6/recent/ticker-posts

[Review] Kim Ji-yeong, Lahir Tahun 1982


Judul: Kim Ji-yeong, Lahir Tahun 1982
Penulis: Cho Nam-joo
Alih bahasa: Iingliana
Editor: Juliana Tan
Penyelaras aksara: Mery Riansyah
Ilustrator: Bella Ansori
Tebal: 192 halaman
Terbit: 18 November 2019
Penerbit: Gramedia Pustaka Utama
ISBN: 978-602-06361-91
Keterangan: Femisisme, Terjemahan, Film


B L U R B


Kim Ji-yeong adalah anak perempuan yang terlahir dalam keluarga yang mengharapkan anak laki-laki, yang menjadi bulan-bulanan para guru pria di sekolah, dan yang disalahkan ayahnya ketika ia diganggu anak laki-laki dalam perjalanan pulang dari sekolah di malam hari.

Kim Ji-yeong adalah mahasiswi yang tidak pernah direkomendasikan dosen untuk pekerjaan magang di perusahaan ternama, karyawan teladan yang tidak pernah mendapat promosi, dan istri yang melepaskan karier serta kebebasannya demi mengasuh anak.

Kim Ji-yeong mulai bertingkah aneh.

Kim Ji-yeong mulai mengalami depresi.

Kim Ji-yeong adalah sosok manusia yang memiliki jati dirinya sendiri.

Namun, Kim Ji-yeong adalah bagian dari semua perempuan di dunia.

Kim Ji-yeong, Lahir Tahun 1982 adalah novel sensasional dari Korea Selatan yang ramai dibicarakan di seluruh dunia. Kisah kehidupan seorang wanita muda yang terlahir di akhir abad ke-20 ini membangkitkan pertanyaan-pertanyaan tentang praktik misoginis dan penindasan institusional yang relevan bagi kita semua.

R E V I E W

Jika kita menyukai seseorang, bukankah kita seharusnya bersikap lebih ramah dan bersahabat? Itulah yang harus kita lakukan pada teman-teman kita, keluarga kita, bahkan anjing dan kucing kita. Itulah yang diketahui Kim Ji-yeong yang saat itu berusia delapan tahun. Gara-gara gangguan dari teman sebangkunya, Kim Ji-yeong selalu merasa tersiksa di sekolah. Ia sudah cukup merasa buruk akibat gangguan yang diterimanya selama ini, tetapi sekarang ia juga dianggap sebagai anak jahat yang salah paham tentang temannya. – hlm 39 
--- 
Kim Ji-yeong berumur 34 tahun. Ia menikah tiga tahun yang lalu dan melahirkan anak perempuannya tahun lalu. Ia tinggal di apartemen mewah seluas 80 meter persegi di pinggiran Seoul bersama suaminya, Jeong Dae-hyeon, dan putrinya, Jeong Ji-won. Jeong Dae-hyeon bekerja di perusahaan IT, sementara Kim Ji-yeong dulu bekerja di agensi humas berskala kecil sebelum putrinya lahir. -- hlm 9

Kim Ji-yeong mengalami keanehan yang membuatnya menjadi orang lain. Kim Ji-yeong tanpa sadar berbicara seperti wanita-wanita yang ia kenal. Kim Ji-yeong bisa berubah menjadi ibunya atau menjadi Cha Seung-yeon, temannya.
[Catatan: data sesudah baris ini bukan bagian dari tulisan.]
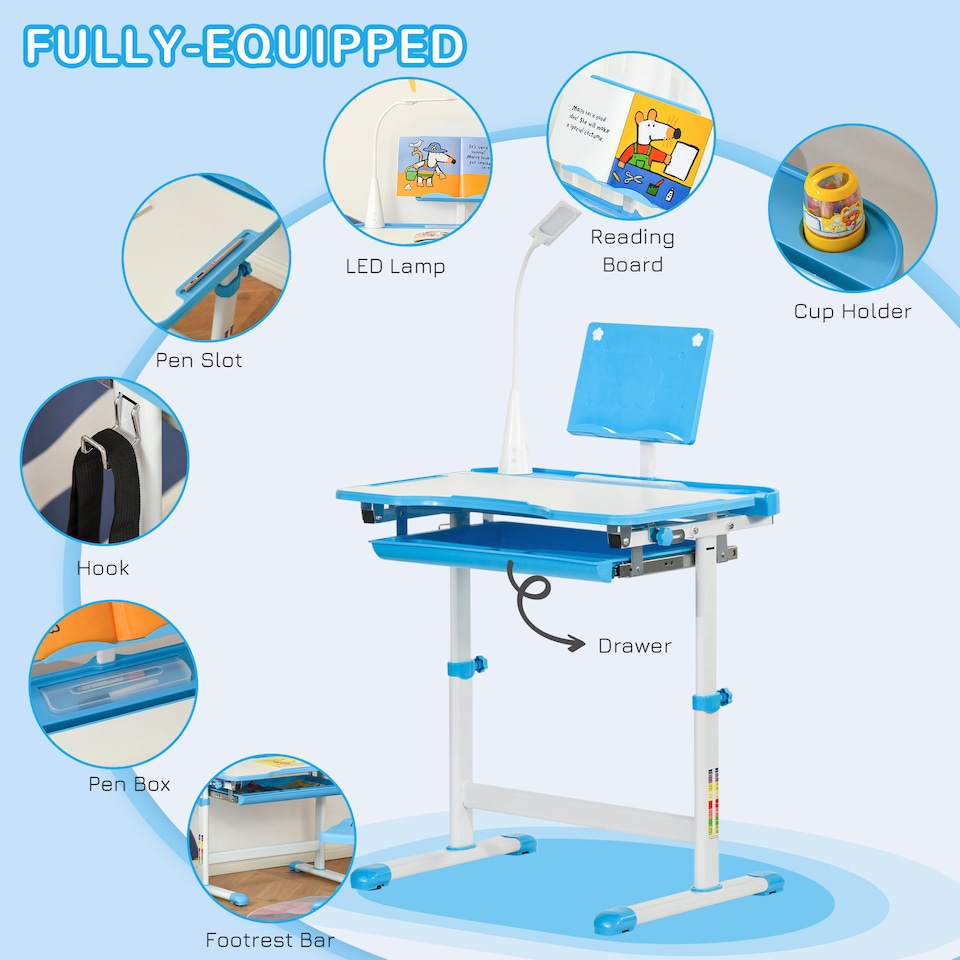 image 1 of HOMCOM Kids Study Desk and Chair Set w/ USB Lamp, Adjustable Height, Blue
Keanehan itu disadari suaminya, terlebih ketika Kim Ji-yeong kemudian membuat keributan ketika hari Chuseok di rumah keluarga besar suaminya. Suaminya kemudian membawa Kim Ji-yeong ke psikiater.

Cerita bergulir ke tahun kelahiran Kim Ji-yeong. Di masa ketika perempuan hanya menjadi nomor terakhir dalam hal apa pun. Bahkan kelahiran Ji-yeong dan kakaknya tak pernah diharapkan. Begitu pula kehadiran saudari Ji-yeong yang pada akhirnya dihapuskan sebelum ia lahir. Perempuan-perempuan pada masa itu tidak dianggap. Bahkan jerih payah perempuan yang digunakan untuk keluarga, pada akhirnya tetap tidak terlihat.

“Sungguh. Ketika Ibu masih duduk di bangku SD, di antara kami lima bersaudara, Ibu yang paling pintar.”
“Kalau begitu, kenapa Ibu tidak menjadi guru?”
“Karena Ibu harus bekerja untuk menyekolahkan paman-pamanmu. Itulah yang dilakukan semua orang. Pada masa itu, para wanita hidup seperti itu.”
“Kalau begitu, Ibu bisa menjadi guru sekarang.”
“Sekarang Ibu harus mencari uang untuk menyekolahkan kalian. Itulah yang dilakukan semua orang. Pada masa sekarang, itulah yang dilakukan para ibu.” – hlm 34


Ibu Ji-yeong yang pernah menyesal akibat terlalu menurut pada doktrin masyarakat itu mengusahakan agar anak-anak perempuannya bisa "berpikir" dan terus "berusaha". Agar kemampuan Ji-yeong dan kakaknya tidak digunakan untuk "membantu orang lain" saja, tetapi membantu diri mereka sendiri terlebih dahulu. Bahkan ibu Ji-yeong bekerja apa pun yang menghasilkan uang agar kehidupan keluarga serta anak perempuannya mapan. 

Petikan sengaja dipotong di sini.